Qualifications
Required:
- Currently pursuing a PhD in Computer Science, Electrical Engineering, Computer Engineering, Biomedical Engineering, Data Science, or a related technical field.
- Minimum GPA of 3.0
- Broad knowledge of machine- and deep-learning algorithms and principles and state-of-the-art methods.
- Proficiency in Python and experience with ML frameworks such as PyTorch or TensorFlow.
- Familiarity with sensors, IoT devices, or cyber-physical systems.
- Strong communication skills and an ability to work collaboratively in a research environment.

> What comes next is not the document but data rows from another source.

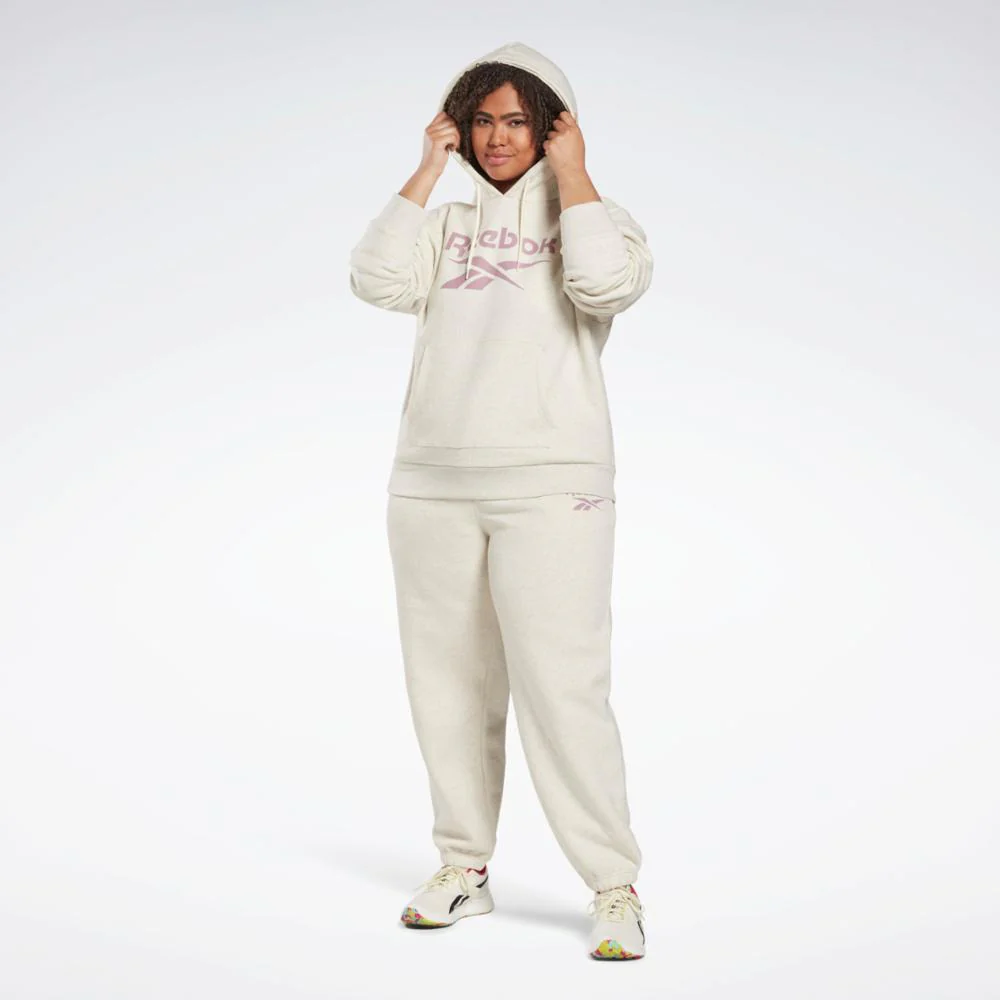 Reebok Apparel Women Reebok Identity Logo Fleece Pullover Hoodie (Plus Size) CLWTML - Image 2
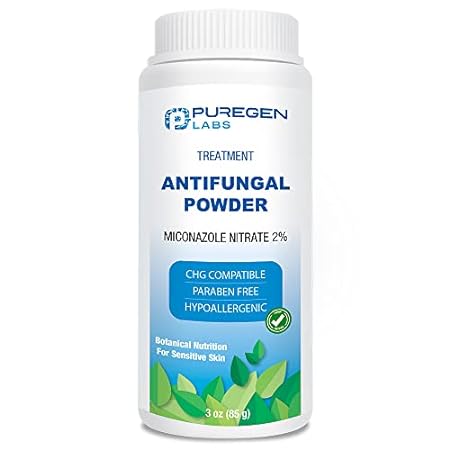 Puregen Labs Antifungal Powder with 2% Miconazole Nitrate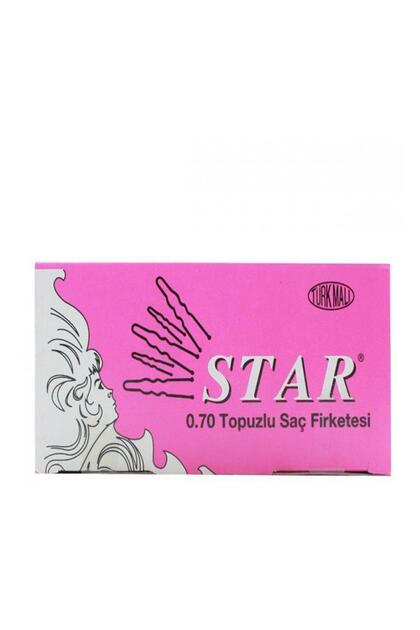 0.70 Bun Hair Clip 1 X 150 Pieces (2 Packs)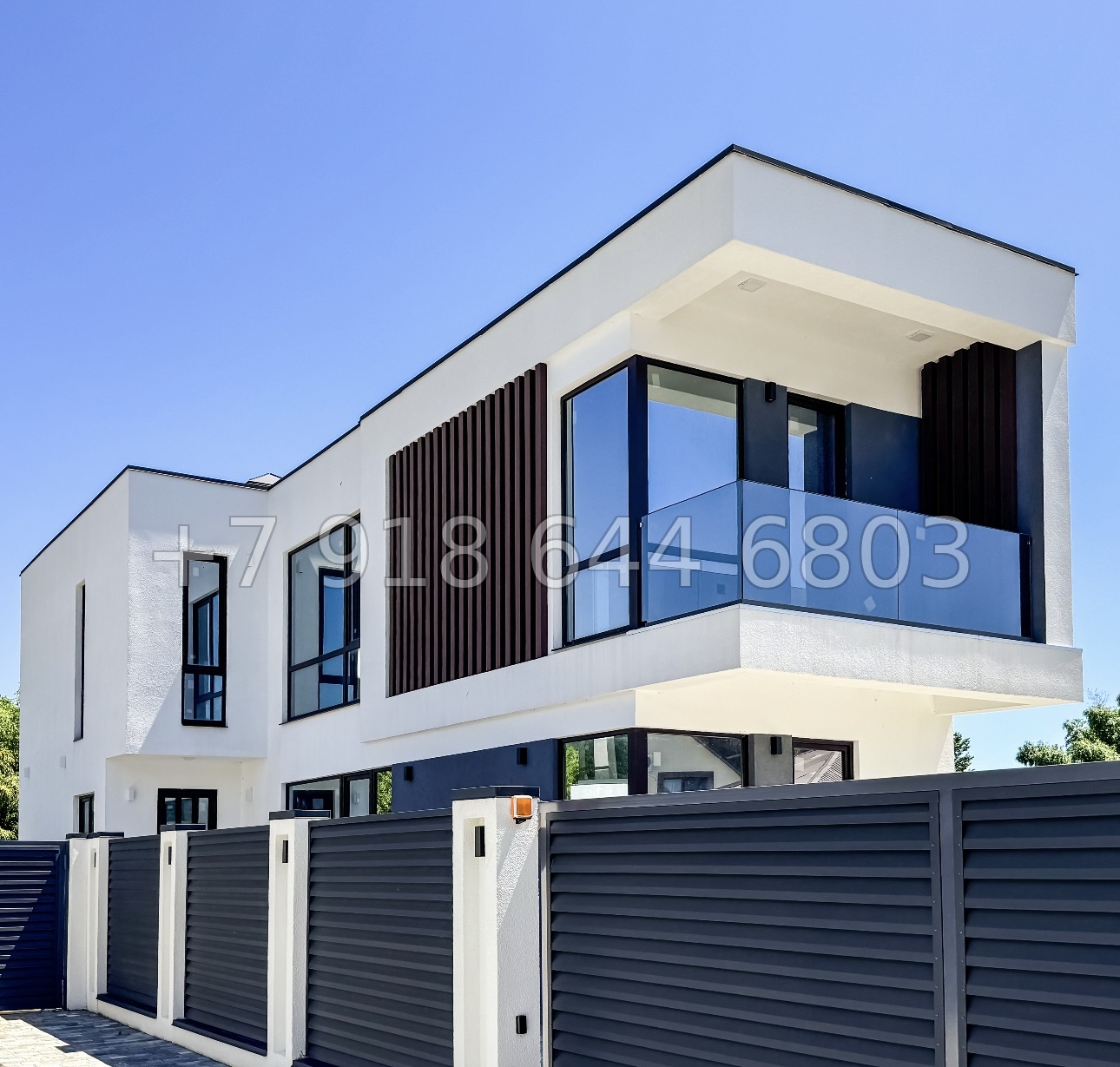 № 84Б.  Коттеджи на ровной местности в Адлере  - миниатюра 4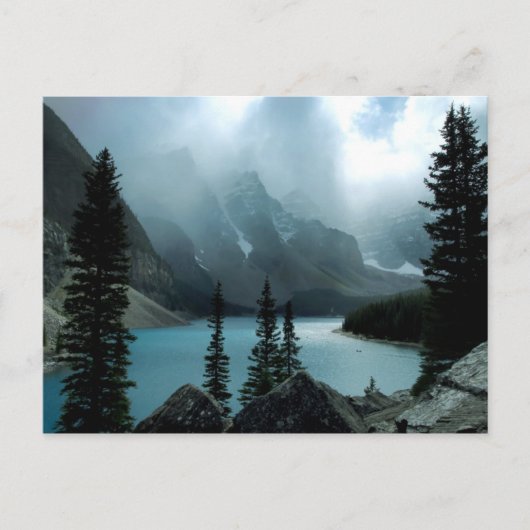 Briefkaart Moraine Lake (Voorkant)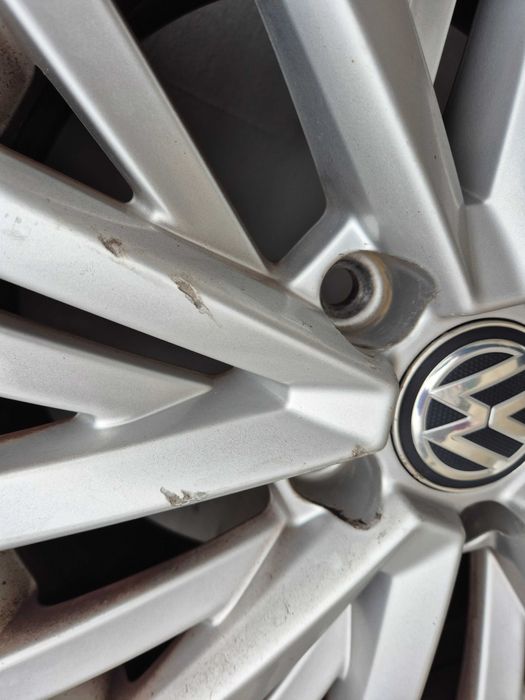 Jante aliaj originale Volkswagen R16 – model Chester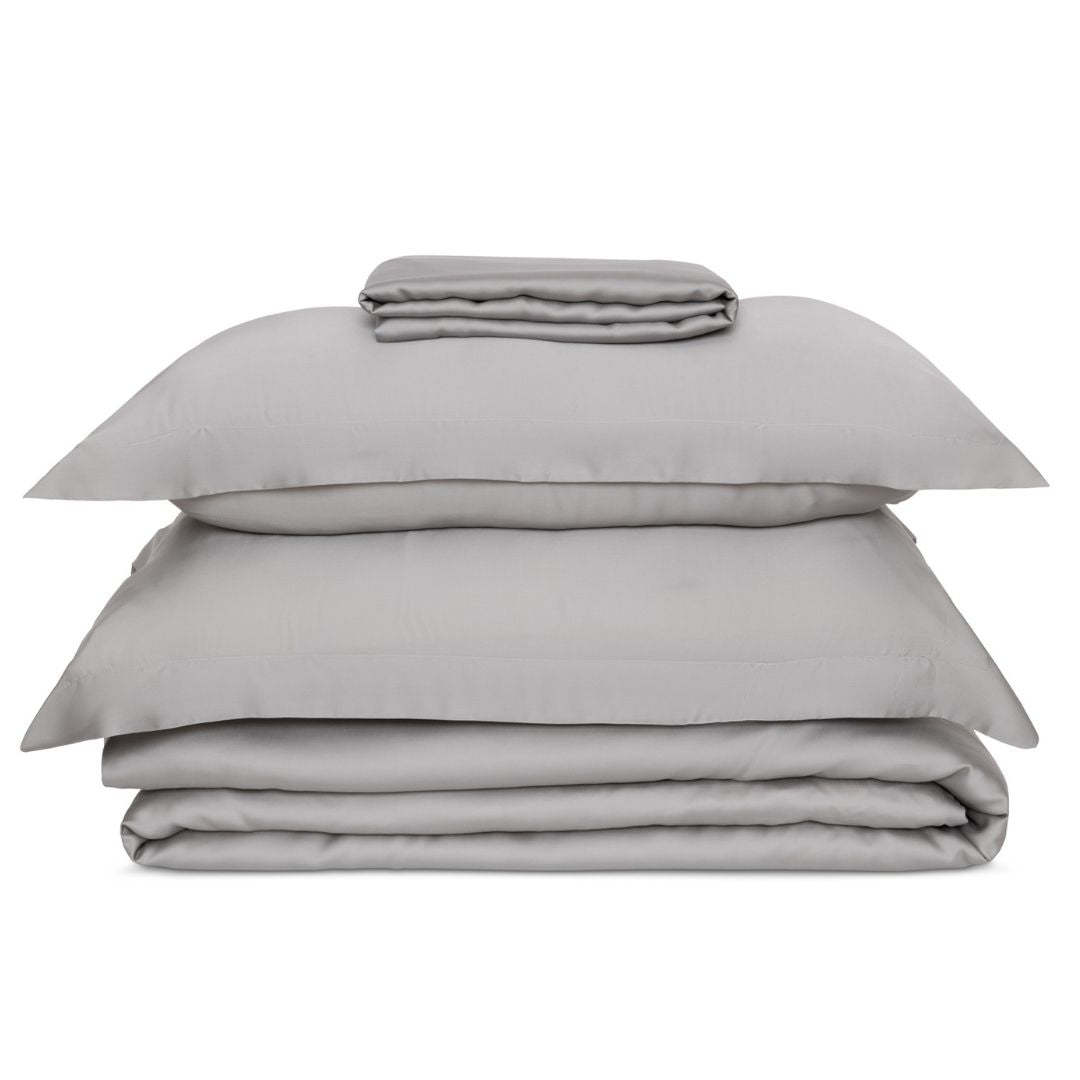 Bed Sheet Set in Grey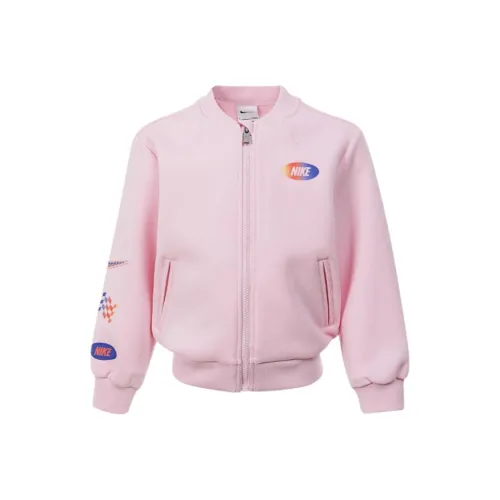 nike Куртки Пальто Розовый для детей 3-7 лет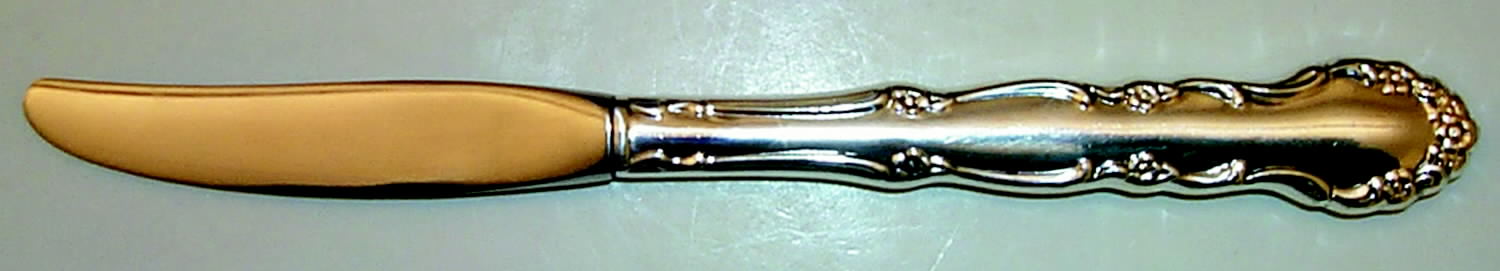Flirtation (Silverplate, 1959) Hollow Handle Youth Knife by Oneida Silver-1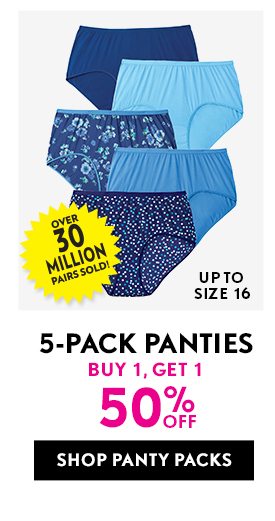 Shop Panty Packs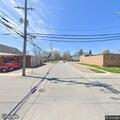 Traffic stop at Washington and Elm intersection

- Enthusiasm for learning and applying new technologies to solve real-world healthcare challenges.
Desired:
- Experience with health-related research or using raw sensor data (e.g., IMU, radar, ECG, EKG, etc.) in machine learning projects.
- Knowledge of digital signal processing principles and methods for biomedical signals.
- Interest or experience in digital health, aging-in-place technologies, or healthcare data analysis.
- Research experience on Hybrid Models and Neuro-Symbolic AI, including mechanistic modeling and machine learning, using parametric and nonparametric models, methods that compress structured symbolic knowledge to integrate with neural patterns (and reason using the integrated neural patterns).
- Experience with additional programming languages (C, C++) or embedded systems for sensor setup.
- Publication record in top machine learning, signal processing, or digital health venues.
Benefits:
- Hands-on experience with cutting-edge health-sensing and machine learning research.
- Mentorship from experienced researchers in AI, IoT, and cyber-physical systems.
- Opportunity to contribute to real-world projects with potential impact on products and processes.
Additional Information
_ Equal Opportunity Employer, including disability / veterans. _
*Bosch adheres to Federal, State, and Local laws regarding drug-testing. Employment is contingent upon the successful completion of a drug screen and background check. Candidates who have been offered the position must pass both screenings before their start date.